*** Opening of Data shown ***
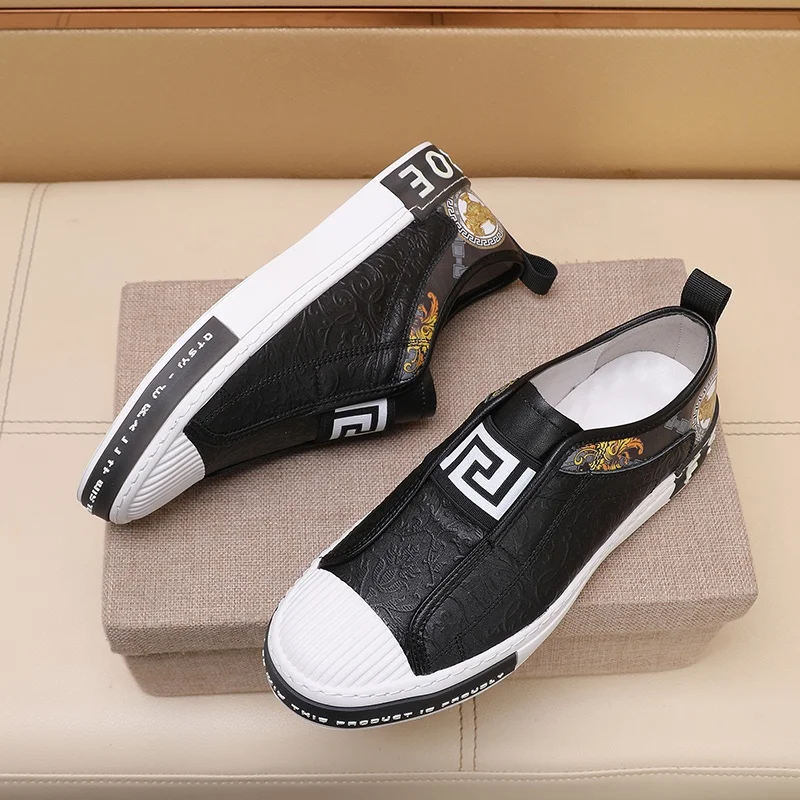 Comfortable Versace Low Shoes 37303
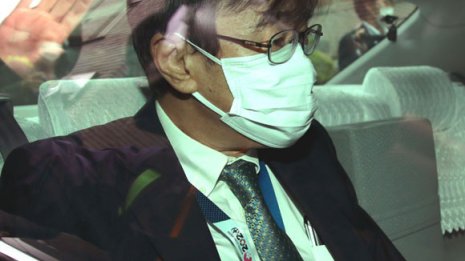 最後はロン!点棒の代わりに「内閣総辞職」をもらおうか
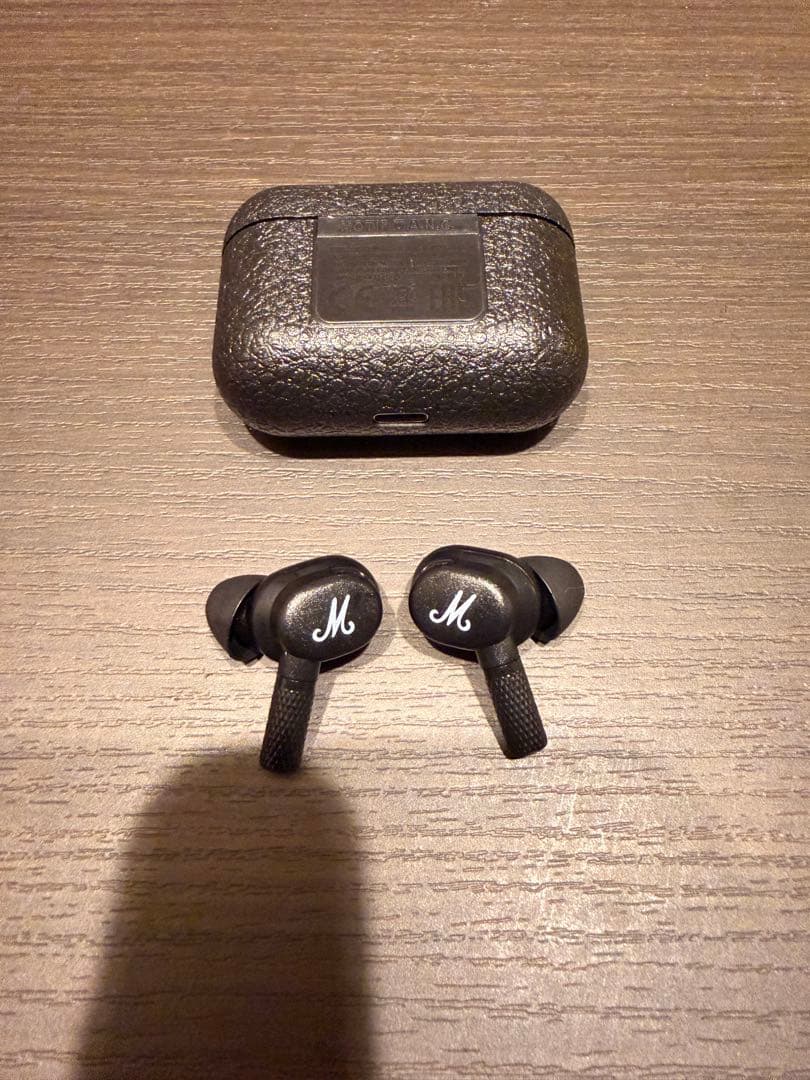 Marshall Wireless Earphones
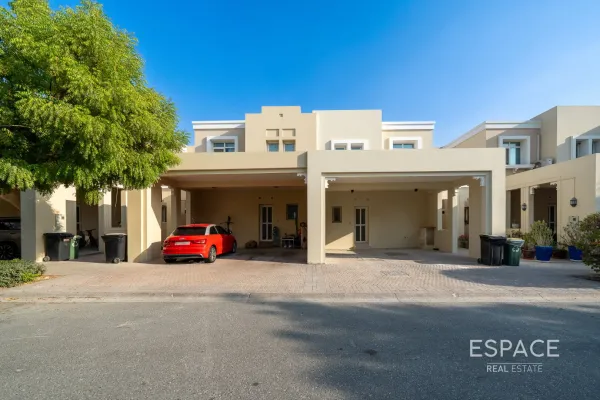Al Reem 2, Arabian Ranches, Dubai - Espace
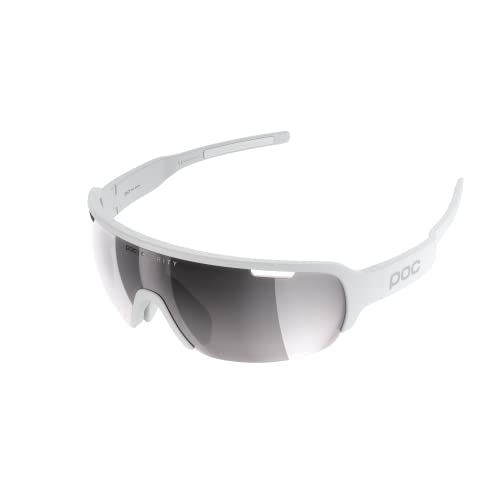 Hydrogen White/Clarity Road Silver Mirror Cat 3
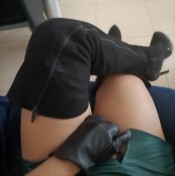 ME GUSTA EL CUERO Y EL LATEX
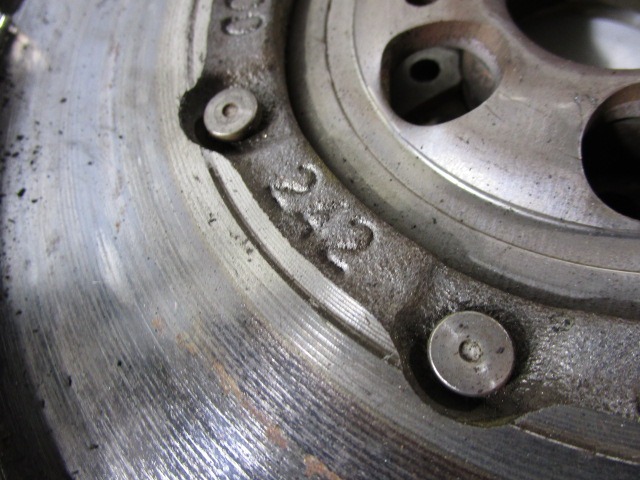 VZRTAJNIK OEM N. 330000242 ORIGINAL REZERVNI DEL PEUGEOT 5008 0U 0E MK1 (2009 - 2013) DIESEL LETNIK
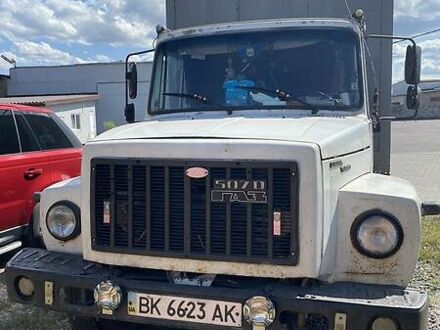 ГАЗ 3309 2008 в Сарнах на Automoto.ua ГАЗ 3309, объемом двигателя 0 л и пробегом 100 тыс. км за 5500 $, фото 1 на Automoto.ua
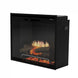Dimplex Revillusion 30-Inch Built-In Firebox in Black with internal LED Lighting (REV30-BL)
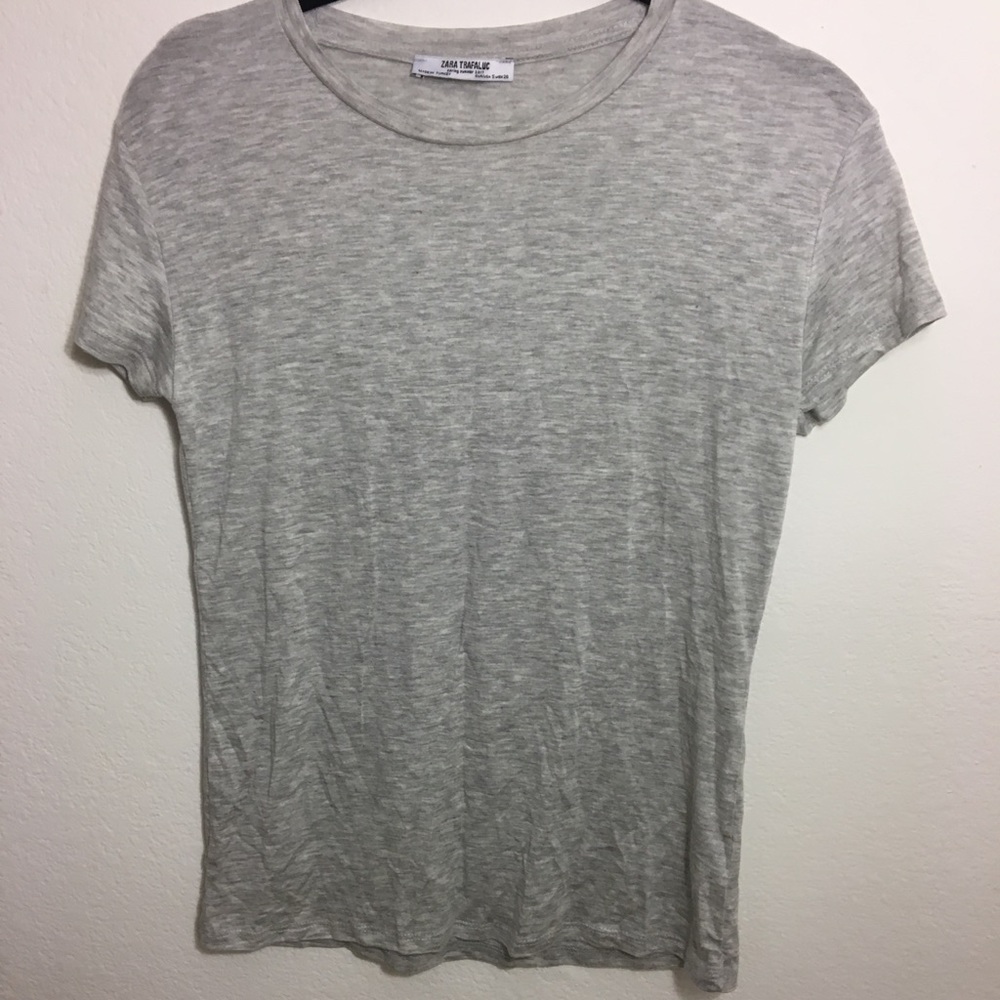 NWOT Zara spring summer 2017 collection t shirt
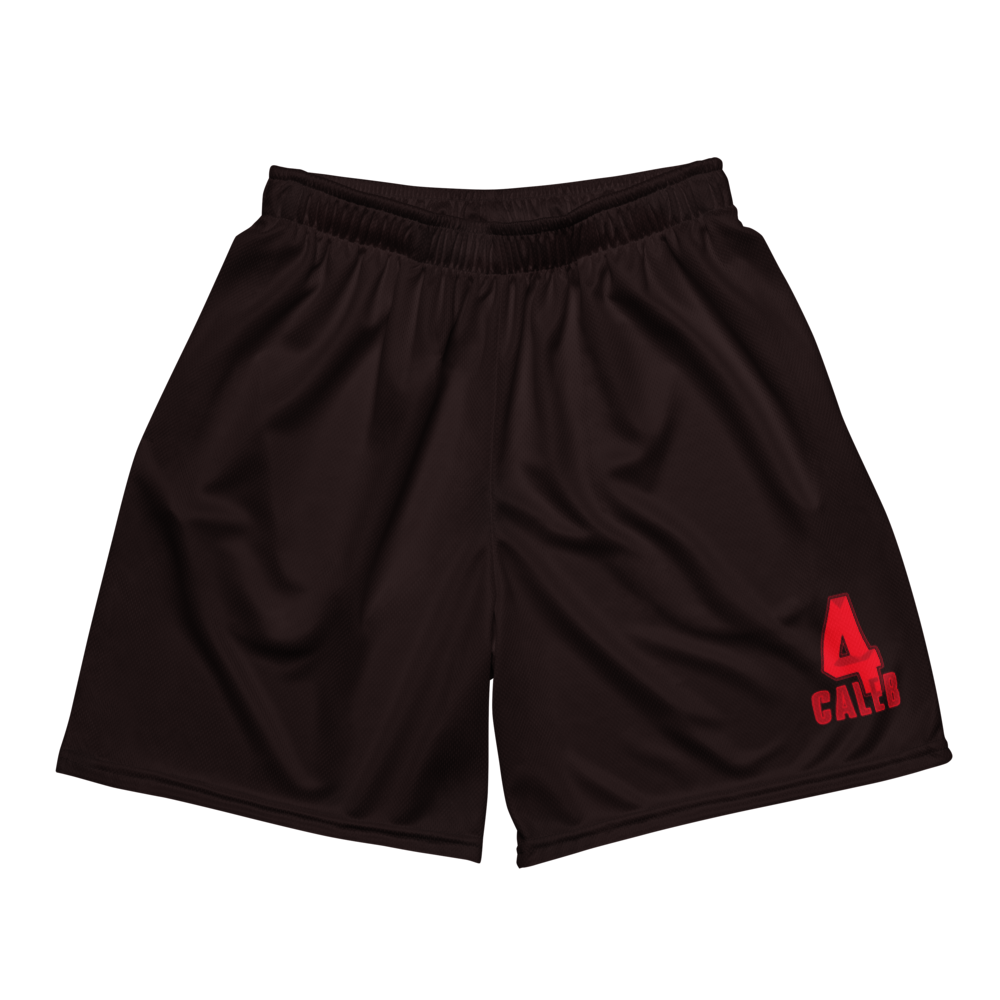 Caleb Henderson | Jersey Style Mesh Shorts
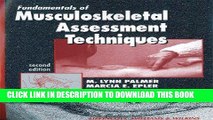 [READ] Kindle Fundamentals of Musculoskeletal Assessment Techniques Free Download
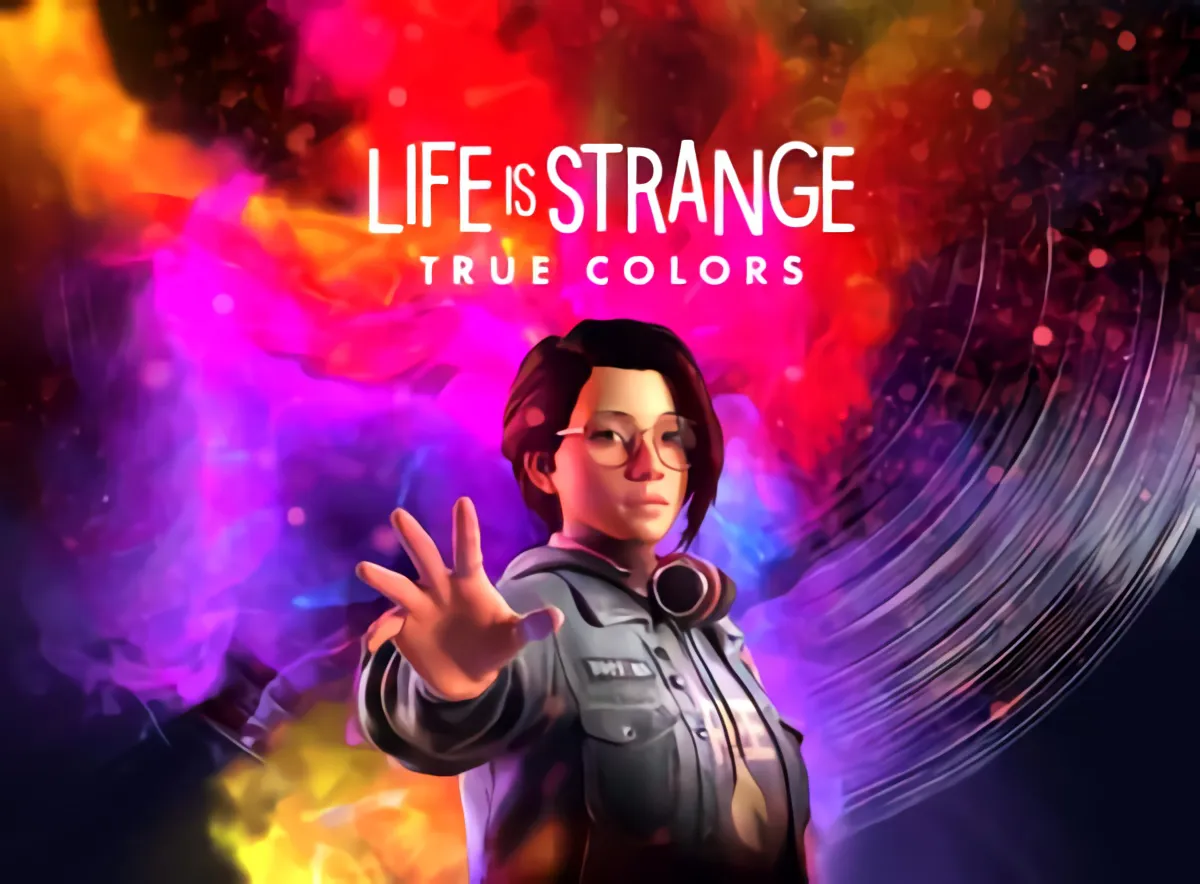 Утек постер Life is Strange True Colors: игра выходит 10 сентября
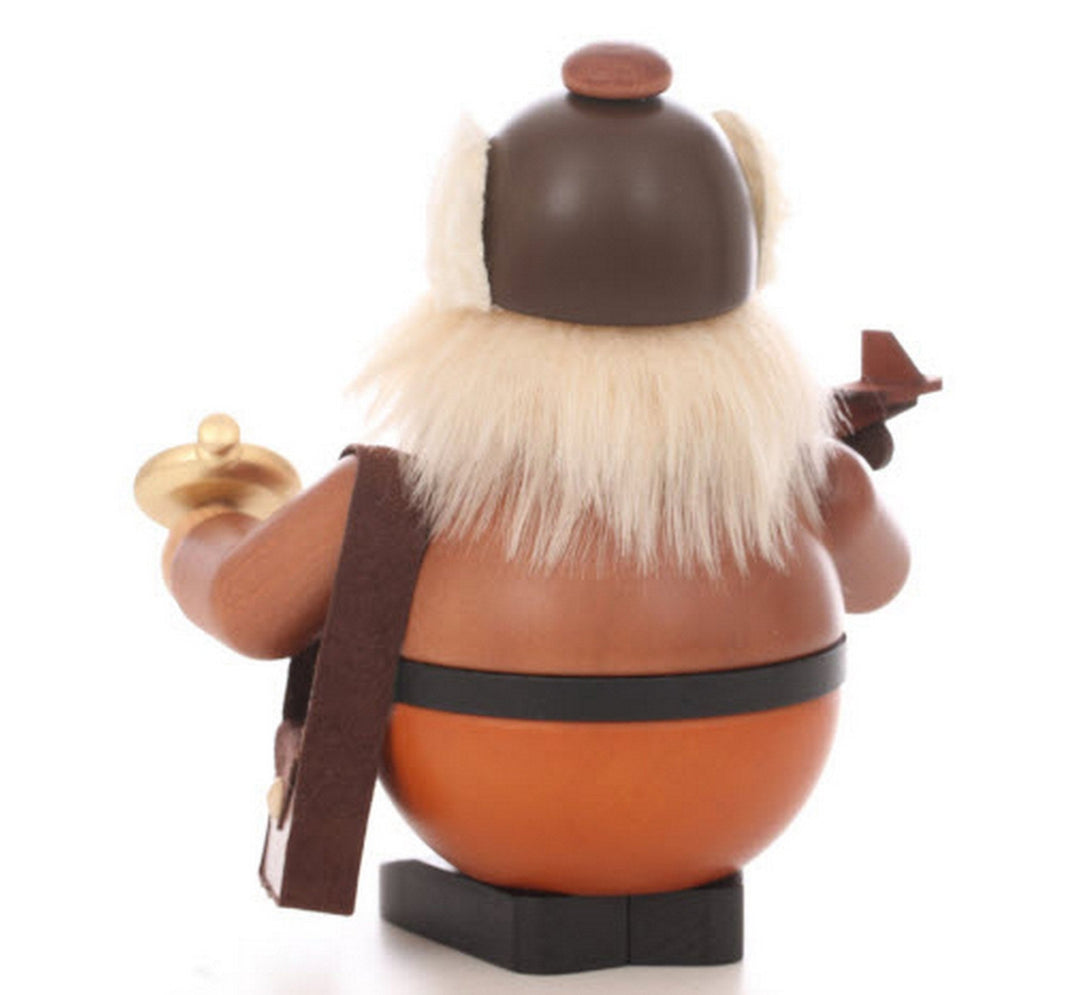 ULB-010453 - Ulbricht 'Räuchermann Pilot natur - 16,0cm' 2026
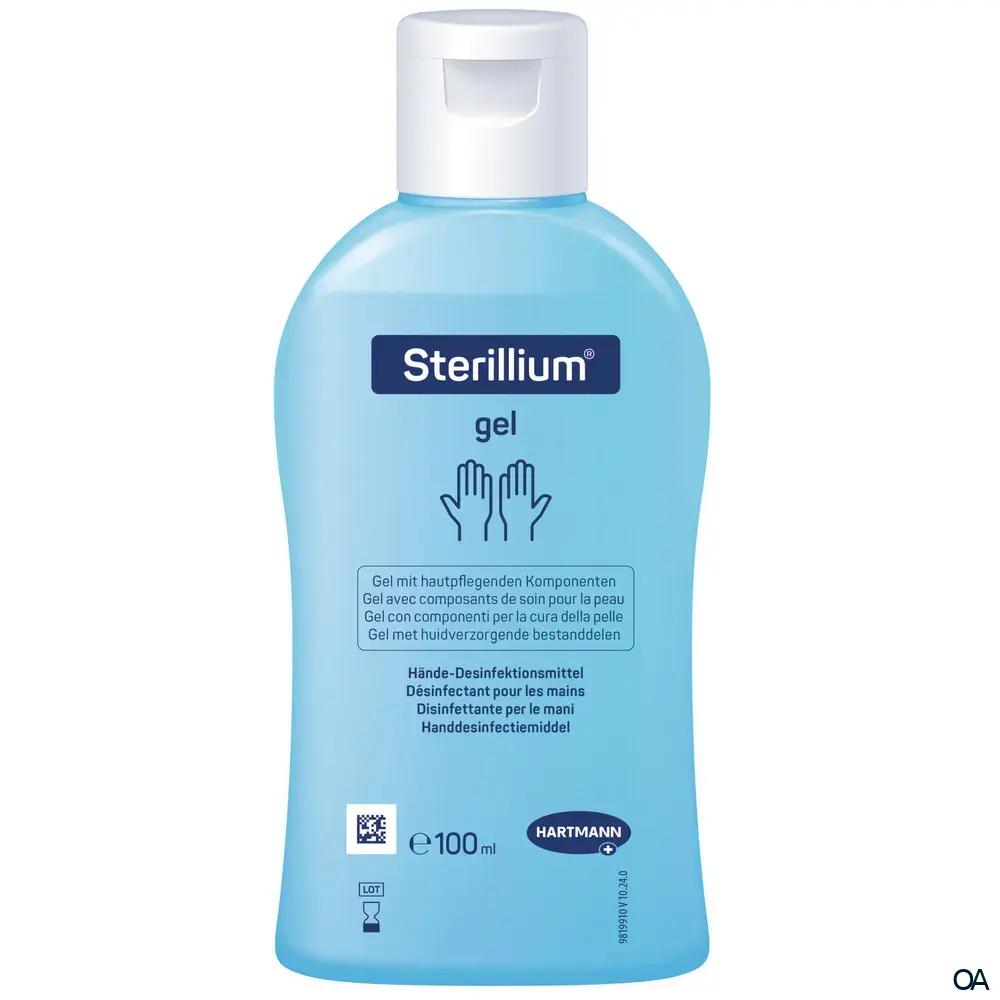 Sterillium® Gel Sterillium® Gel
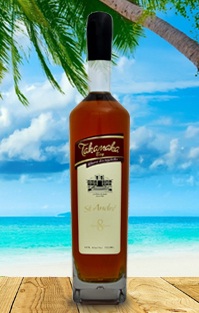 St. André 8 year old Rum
*** Close of Data shown ***
● **Required work**:
Transcribe exactly the lines running from the line with "ГАЗ 3309 2008" to the last line of the entries. Pictures stay out of the copy.

● **Reply to the exercise**:
 ГАЗ 3309 2008 в Сарнах на Automoto.ua ГАЗ 3309, объемом двигателя 0 л и пробегом 100 тыс. км за 5500 $, фото 1 на Automoto.ua
Dimplex Revillusion 30-Inch Built-In Firebox in Black with internal LED Lighting (REV30-BL)
 NWOT Zara spring summer 2017 collection t shirt
 Caleb Henderson | Jersey Style Mesh Shorts
 [READ] Kindle Fundamentals of Musculoskeletal Assessment Techniques Free Download
 Утек постер Life is Strange True Colors: игра выходит 10 сентября
 ULB-010453 - Ulbricht 'Räuchermann Pilot natur - 16,0cm' 2026
 Sterillium® Gel Sterillium® Gel
 St. André 8 year old Rum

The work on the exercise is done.